:: PROVIDED RECORDS ::

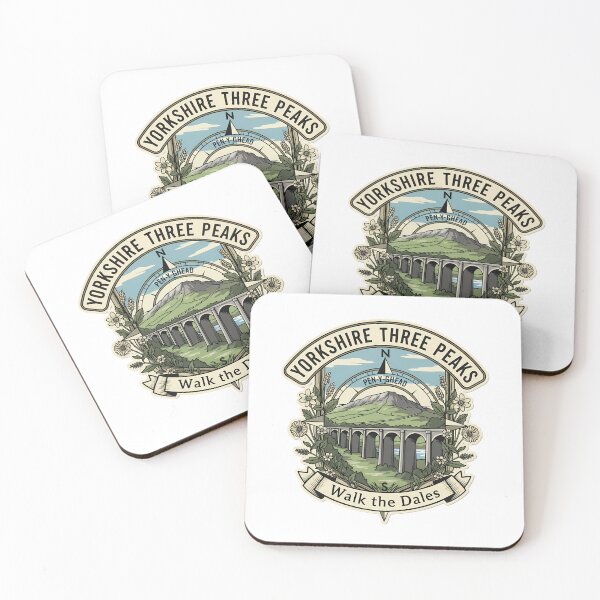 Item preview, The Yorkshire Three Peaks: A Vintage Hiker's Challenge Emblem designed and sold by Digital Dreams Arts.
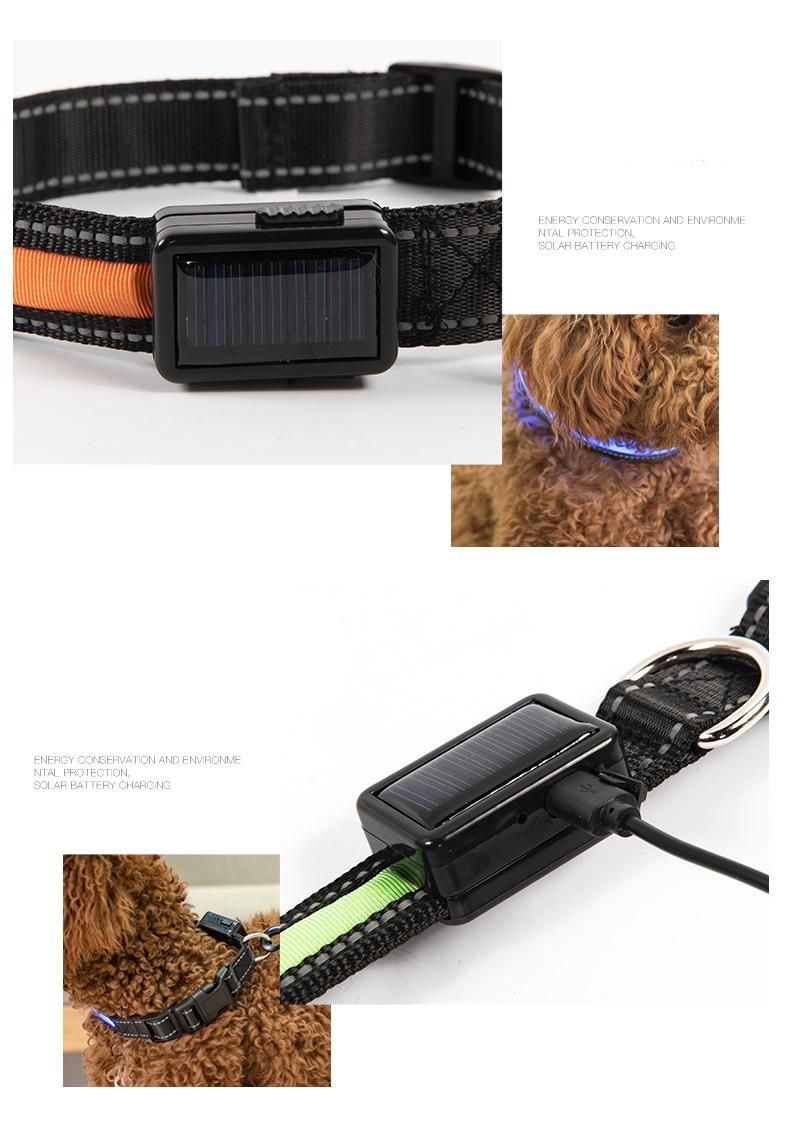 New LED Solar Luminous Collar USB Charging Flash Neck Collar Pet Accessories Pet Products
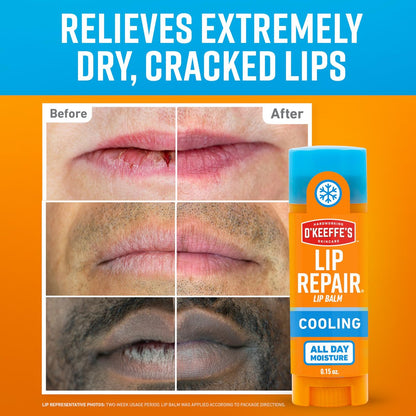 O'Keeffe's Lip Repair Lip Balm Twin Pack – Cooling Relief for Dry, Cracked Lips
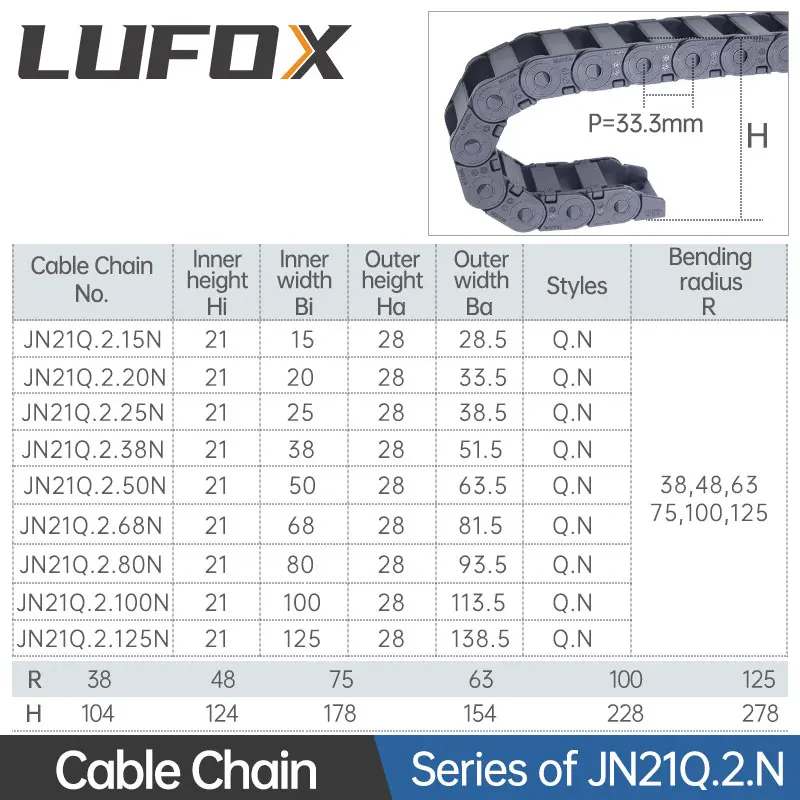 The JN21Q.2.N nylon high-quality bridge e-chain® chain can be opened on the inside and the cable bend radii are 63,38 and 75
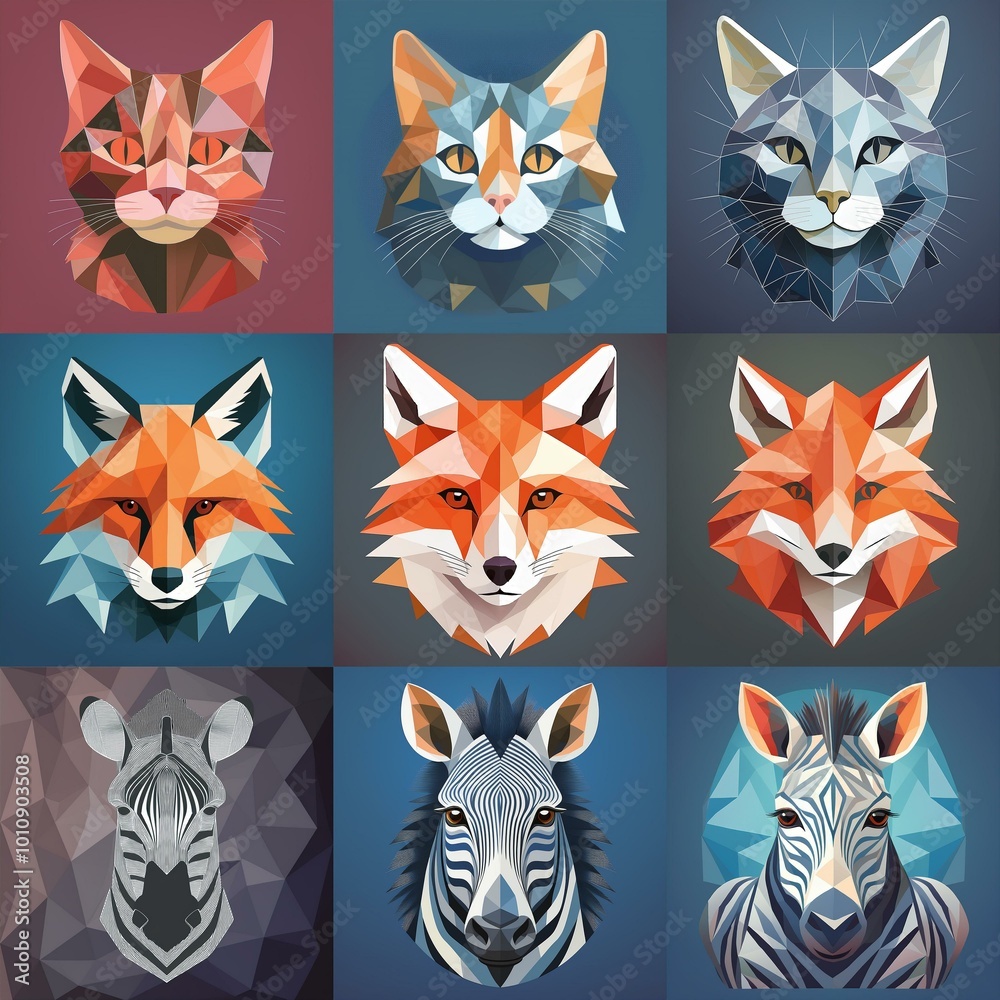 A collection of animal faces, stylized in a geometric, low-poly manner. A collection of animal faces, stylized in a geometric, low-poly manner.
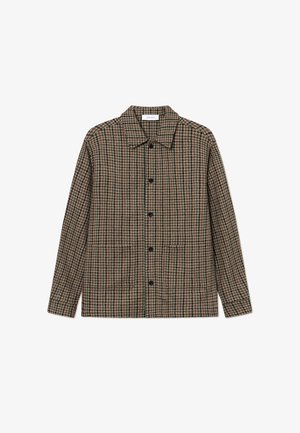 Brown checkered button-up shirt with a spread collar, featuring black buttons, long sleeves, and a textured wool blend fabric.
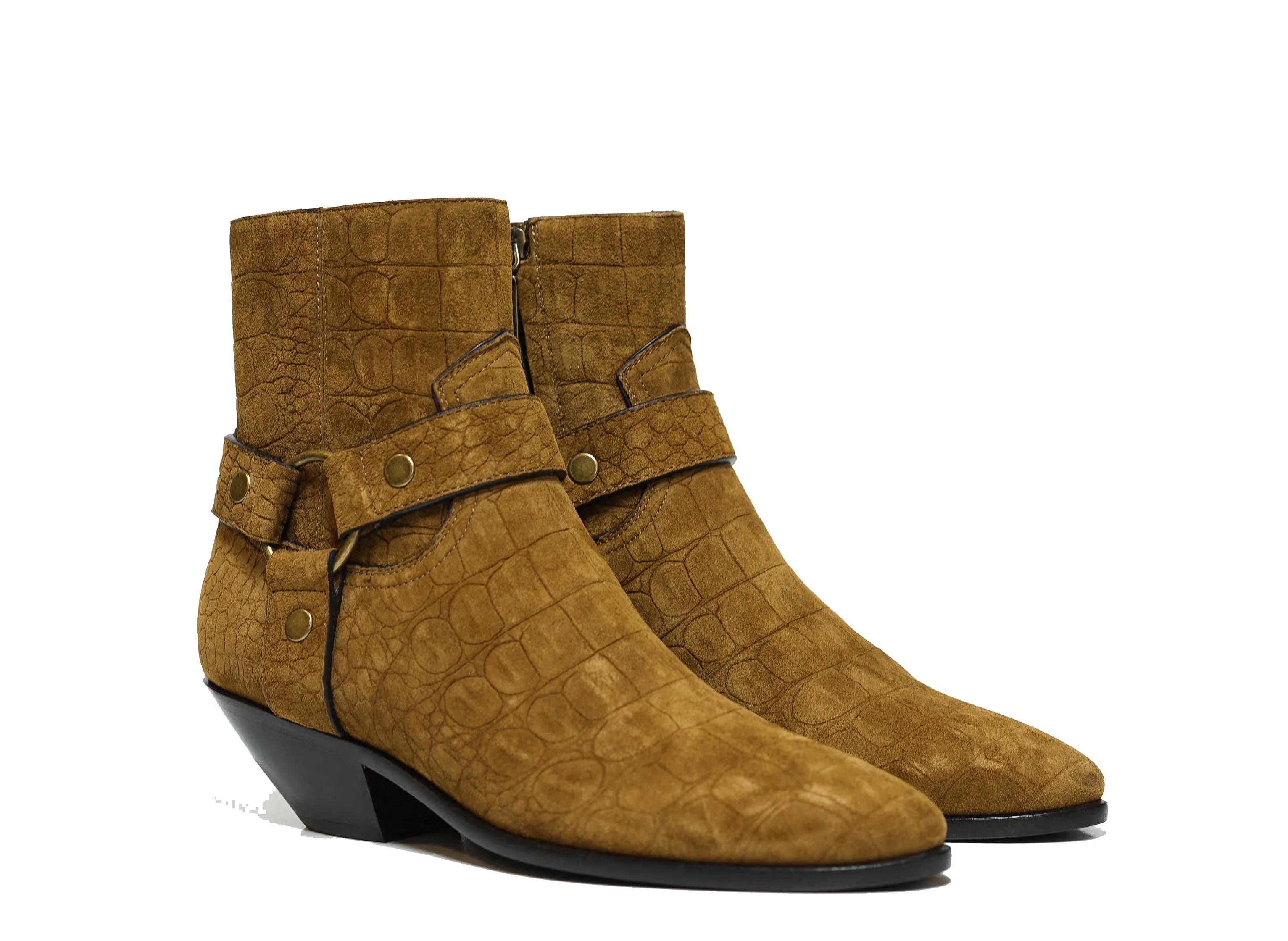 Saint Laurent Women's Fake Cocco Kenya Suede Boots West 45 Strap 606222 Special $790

:::

An exact reprint of the records above is required, with all pictures left out.

 Item preview, The Yorkshire Three Peaks: A Vintage Hiker's Challenge Emblem designed and sold by Digital Dreams Arts.
 New LED Solar Luminous Collar USB Charging Flash Neck Collar Pet Accessories Pet Products
 O'Keeffe's Lip Repair Lip Balm Twin Pack – Cooling Relief for Dry, Cracked Lips
 The JN21Q.2.N nylon high-quality bridge e-chain® chain can be opened on the inside and the cable bend radii are 63,38 and 75
 A collection of animal faces, stylized in a geometric, low-poly manner. A collection of animal faces, stylized in a geometric, low-poly manner.
 Brown checkered button-up shirt with a spread collar, featuring black buttons, long sleeves, and a textured wool blend fabric.
 Saint Laurent Women's Fake Cocco Kenya Suede Boots West 45 Strap 606222 Special $790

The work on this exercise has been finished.